Dear all,
Below you can see a sketch, it works well but after some days it crashes, it stops to work. Then after turning off and on the device it re-start to work. I don't undestand where is the problem. Can you help me?
/*
* HID RFID Reader Wiegand Interface for Arduino Uno
* Written by Daniel Smith, 2012.01.30
* Modified by F.A.N. 2013
* www.pagemac.com
*
* This program will decode the wiegand data from a HID RFID Reader (or, theoretically,
* any other device that outputs weigand data).
* The Wiegand interface has two data lines, DATA0 and DATA1. These lines are normall held
* high at 5V. When a 0 is sent, DATA0 drops to 0V for a few us. When a 1 is sent, DATA1 drops
* to 0V for a few us. There is usually a few ms between the pulses.
*
* Your reader should have at least 4 connections (some readers have more). Connect the Red wire
* to 5V. Connect the black to ground. Connect the green wire (DATA0) to Digital Pin 2 (INT0).

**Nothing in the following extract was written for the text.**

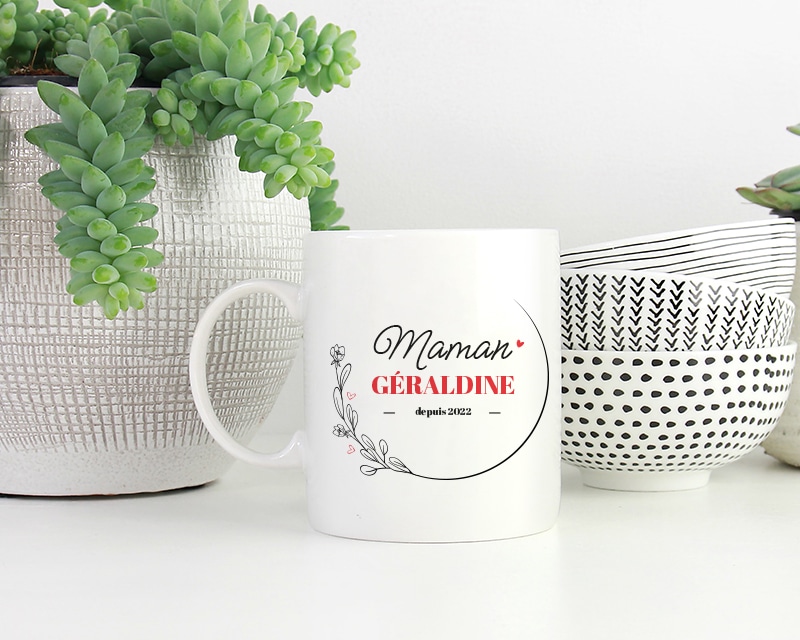 Mug personnalisé - Maman Depuis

* Connect the white wire (DATA1) to Digital Pin 3 (INT1). That's it!
*
* Operation is simple - each of the data lines are connected to hardware interrupt lines. When
* one drops low, an interrupt routine is called and some bits are flipped. After some time of
* of not receiving any bits, the Arduino will decode the data. I've only added the 26 bit and
* 35 bit formats, but you can easily add more.
*
* f.a.n.= I've added some functions to send output in clock/data format using PIN 4 and PIN 5.
*/
#define MAX_BITS 100 // max number of bits
#define WEIGAND_WAIT_TIME 3000 // time to wait for another weigand pulse.
# define MAX_DIGIT_FCC 4
# define MAX_DIGIT_CC 9
unsigned char databits[MAX_BITS]; // stores all of the data bits
unsigned char bitCount; // number of bits currently captured
unsigned char flagDone; // goes low when data is currently being captured
unsigned int weigand_counter; // countdown until we assume there are no more bits
unsigned long facilityCode=0; // decoded facility code
unsigned long cardCode=0; // decoded card code
byte code_byte[32];
int length;
const int clock = 4; // CLOCK
const int data = 5; // DATA
// interrupt that happens when INTO goes low (0 bit)
void ISR_INT0()
{
//Serial.print("0");
bitCount++;
flagDone = 0;
weigand_counter = WEIGAND_WAIT_TIME;
}
// interrupt that happens when INT1 goes low (1 bit)
void ISR_INT1()
{
//Serial.print("1");
databits[bitCount] = 1;
bitCount++;
flagDone = 0;
weigand_counter = WEIGAND_WAIT_TIME;
}
void setup()
{
pinMode(13, OUTPUT); // LED
pinMode(2, INPUT); // DATA0 (INT0)
pinMode(3, INPUT); // DATA1 (INT1)
Serial.begin(9600);
Serial.println("RFID Readers");
// binds the ISR functions to the falling edge of INTO and INT1
attachInterrupt(0, ISR_INT0, FALLING);
attachInterrupt(1, ISR_INT1, FALLING);
pinMode(clock, OUTPUT);
pinMode(data, OUTPUT);
weigand_counter = WEIGAND_WAIT_TIME;
}
void loop()
{
// This waits to make sure that there have been no more data pulses before processing data
if (!flagDone) {
if (--weigand_counter == 0)
flagDone = 1;
}
// if we have bits and we the weigand counter went out
if (bitCount > 0 && flagDone) {
unsigned char i;
Serial.print("Read ");
Serial.print(bitCount);
Serial.print(" bits. ");
// we will decode the bits differently depending on how many bits we have
// see www.pagemac.com/azure/data_formats.php for mor info
if (bitCount == 35)
{
// 35 bit HID Corporate 1000 format
// facility code = bits 2 to 14
for (i=2; i<14; i++)
{
facilityCode <<=1;
facilityCode |= databits[i];
}
// card code = bits 15 to 34
for (i=14; i<34; i++)
{
cardCode <<=1;
cardCode |= databits[i];
}
printBits();
}
else if (bitCount == 26)
{
// standard 26 bit format
// facility code = bits 2 to 9
for (i=1; i<9; i++)
{
facilityCode <<=1;
facilityCode |= databits[i];
}
// card code = bits 10 to 23
for (i=9; i<25; i++)
{
cardCode <<=1;
cardCode |= databits[i];
}
printBits();
}
else {
// you can add other formats if you want!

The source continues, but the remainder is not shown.